Viele lokale Lehren während der islamischen Geschichte haben behauptet, caliphs zu sein. Die meisten Ansprüche wurden außerhalb ihrer begrenzten Gebiete ignoriert. In vielen Fällen wurden diese Ansprüche von den Aufrührern gegen hergestellte Behörden gebildet und gestorben, als der Aufstand zerquetscht wurde. Bemerkenswerte Antragsteller schließen ein:

Sehen Sie auch

Hinweise

  1. ^ Eichelhäher Tolson, „Caliph gewünscht: Warum eine alte islamische Anstalt mit vielen Moslems heute mitschwingt,“ USnachrichten u. Weltreport 144.1 (14. Januar 2008): 38-40.
  2. ^ Sahih Moslems, Kitab Al-Imarah (Buch der Regierung)
  3. ^ Sahih Moslems, Kitab Al-Imarah (Buch der Regierung)
  4. ^ Sahih Moslems, Kitab Al-Imarah (Buch der Regierung)
  5. ^ „Wie-Sirah“ von Ibn Ishaq; am Tag von Thaqifa
  6. ^ „Wie-Sirah“ von Ibn Ishaq; am Tag von Thaqifa
  7. ^ Al-Muqaddimah vorbei ibn Khaldun
  8. ^ Kapitel auf „Wahl, ist es Eigenschaften und wie das Imamate, investierter“ Punkt „auf das imamate in zwei Einzelpersonen“ im Buch „vorbei investieren zu sein ein Führer zu den abschließenden Beweisen für die Grundregeln des Glaubens“ (Kitab Al-irshad ila qawati Al-adilla FI usul Al-i'tiqad) ist Al-Juwayni p 234
  9. ^ „Die Befehle Regierung“ (Al-Ahkam Al-Sultaniyya w'al-Wilayat Al-Diniyyya) der Seite. 7-8 vorbei Al-Mawardi
  10. ^ Mughni Al-Muhtaj, Volumen 4, Seite 132
  11. ^ `Fiqh ul-Mathahib ul Arba'a' (das fiqh der vier Schulen des Gedankens), Al-Juzairi, Volumen 5, P. 416
  12. ^ Eichelhäher Tolson, „Caliph wünschte: Warum eine alte islamische Anstalt mit vielen Moslems heute mitschwingt,“ USnachrichten u. Weltreport 144.1 (14. Januar 2008): 38-40.
  • Altes Frau, Patricia und Martin Hinds.
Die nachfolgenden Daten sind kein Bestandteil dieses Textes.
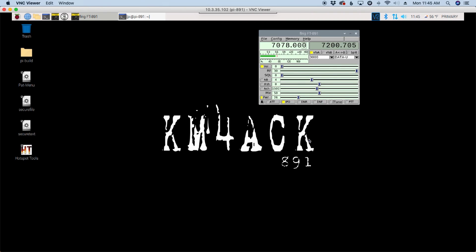Welcome back guys, this is Jason, KM4ACK. Today, let's take a look at my broken Raspberry Pi. Stick around, and we'll get right to it.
Caliph des Gottes: Fromme Berechtigung in den ersten Jahrhunderten des Islams. Cambridge: Cambridge Universitätspresse, 1986. ISBN 0521321859.
  • Donner, Fred. Die frühen islamischen Eroberungen. Princeton, New-Jersey: Princeton Universitätspresse, 1981. ISBN 0691053278.